Exercise goal ▸
Verbatim copy, pictures excluded: every line from the one with "this 500×375 image." through the final line of the data below, and no other line.

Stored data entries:
○ ○ ○ ○ ○ ○ ○
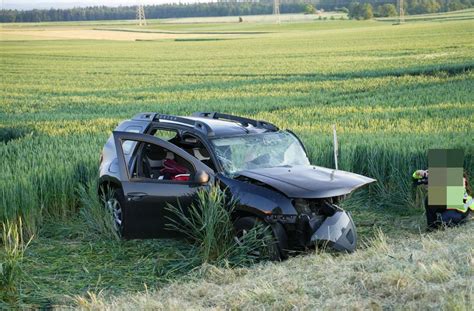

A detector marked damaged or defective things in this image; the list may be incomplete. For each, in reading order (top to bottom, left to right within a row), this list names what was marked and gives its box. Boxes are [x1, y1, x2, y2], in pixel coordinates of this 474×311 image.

shattered windshield [210, 131, 308, 177]
severely damaged car [99, 112, 374, 260]
crumpled hood [239, 165, 376, 199]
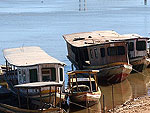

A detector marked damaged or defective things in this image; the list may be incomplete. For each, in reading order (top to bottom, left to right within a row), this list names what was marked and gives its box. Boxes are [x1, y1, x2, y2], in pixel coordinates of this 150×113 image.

rusty metal roof [62, 30, 145, 47]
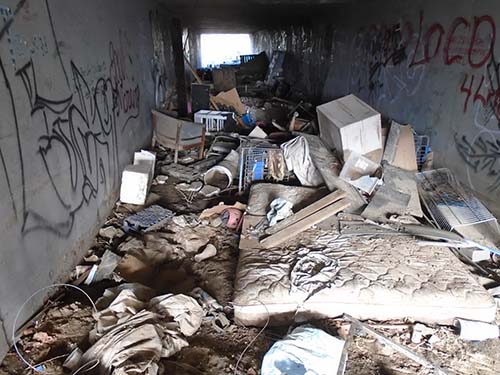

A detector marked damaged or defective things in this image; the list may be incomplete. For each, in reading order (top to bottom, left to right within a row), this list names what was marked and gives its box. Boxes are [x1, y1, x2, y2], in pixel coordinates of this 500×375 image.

broken furniture [153, 108, 206, 162]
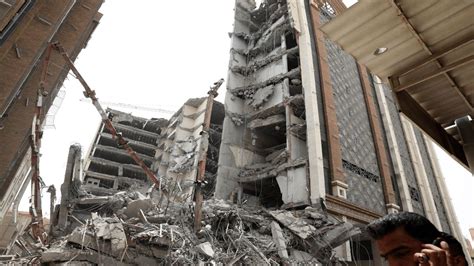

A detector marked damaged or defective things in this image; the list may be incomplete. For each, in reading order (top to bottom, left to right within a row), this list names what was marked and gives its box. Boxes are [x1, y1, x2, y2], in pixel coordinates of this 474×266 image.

damaged multi-story building [0, 0, 103, 246]
damaged multi-story building [217, 0, 468, 262]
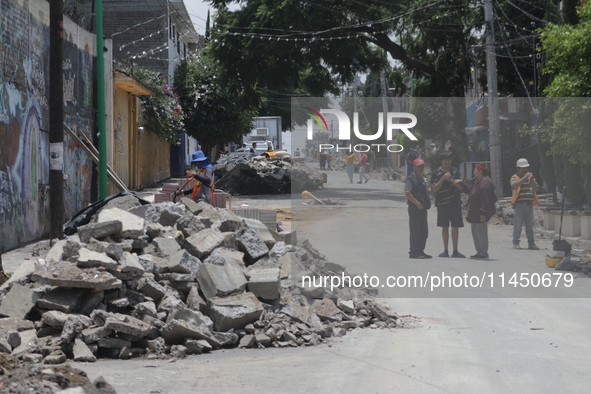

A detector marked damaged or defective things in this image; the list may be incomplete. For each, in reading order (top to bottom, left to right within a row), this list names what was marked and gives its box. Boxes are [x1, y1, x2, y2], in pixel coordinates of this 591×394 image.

broken concrete slab [77, 220, 122, 245]
broken concrete slab [97, 208, 146, 239]
broken concrete slab [184, 226, 225, 260]
broken concrete slab [237, 228, 272, 264]
broken concrete slab [0, 284, 43, 318]
broken concrete slab [36, 286, 85, 314]
broken concrete slab [31, 264, 122, 292]
broken concrete slab [208, 292, 264, 332]
broken concrete slab [246, 266, 280, 300]
broken concrete slab [73, 338, 97, 362]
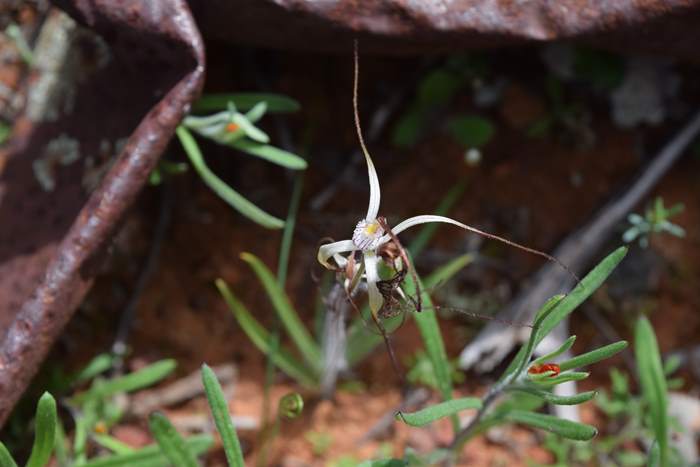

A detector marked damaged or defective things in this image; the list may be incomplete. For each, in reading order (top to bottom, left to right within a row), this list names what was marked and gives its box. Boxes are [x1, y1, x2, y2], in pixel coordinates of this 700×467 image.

rusty metal object [0, 0, 204, 424]
rusty metal object [189, 0, 700, 58]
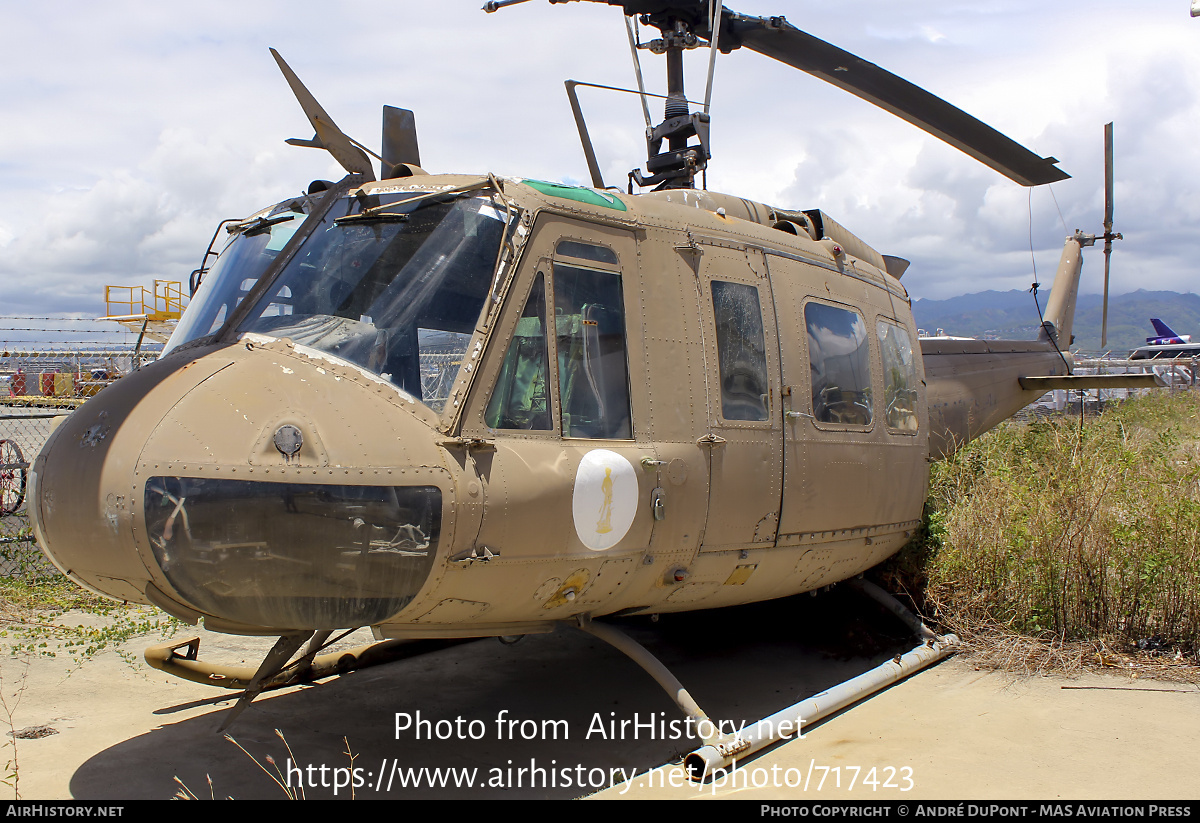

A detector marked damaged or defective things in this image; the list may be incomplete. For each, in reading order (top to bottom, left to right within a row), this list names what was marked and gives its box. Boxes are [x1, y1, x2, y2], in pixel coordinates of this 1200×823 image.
○ ○ ○ ○ ○ ○ ○
Response to this task ▸
A detector marked damaged or defective things in this image; the list may be incomplete. For each, in reading order (top to bottom, left to right within a row), this list names what was marked and gives its box. Boxes are [x1, y1, x2, y2], in pixel coordinates of this 500×375 image.

broken furniture [153, 108, 206, 162]

A detector marked damaged or defective things in this image; the list may be incomplete. For each, in reading order (top to bottom, left to right within a row), this list names what was marked and gives its box. Boxes are [x1, y1, x2, y2], in pixel coordinates of this 474×266 image.

damaged multi-story building [0, 0, 103, 246]
damaged multi-story building [217, 0, 468, 262]

A detector marked damaged or defective things in this image; the list may be incomplete. For each, in reading order (top to bottom, left to right within a row), this list names what was marked and gives its box. Boxes are [x1, y1, x2, y2], in pixel coordinates of this 591×394 image.

broken concrete slab [77, 220, 122, 245]
broken concrete slab [97, 208, 146, 239]
broken concrete slab [184, 226, 225, 260]
broken concrete slab [237, 228, 272, 264]
broken concrete slab [0, 284, 43, 318]
broken concrete slab [36, 286, 85, 314]
broken concrete slab [31, 264, 122, 292]
broken concrete slab [208, 292, 264, 332]
broken concrete slab [246, 266, 280, 300]
broken concrete slab [73, 338, 97, 362]

A detector marked damaged or defective things in this image; the list may be incomplete. For each, in reading order (top to bottom, left to right within a row), this list names what was marked and gives its box. Boxes are [x1, y1, x2, y2], in pixel coordinates of this 700×467 image.

rusty metal object [0, 0, 204, 424]
rusty metal object [189, 0, 700, 58]

A detector marked damaged or defective things in this image; the list may be incomplete. For each, in reading order (top to bottom, left to right within a row), this list names what was marked and gives its box. Boxes are [x1, y1, x2, y2], in pixel coordinates of this 1200×823 image.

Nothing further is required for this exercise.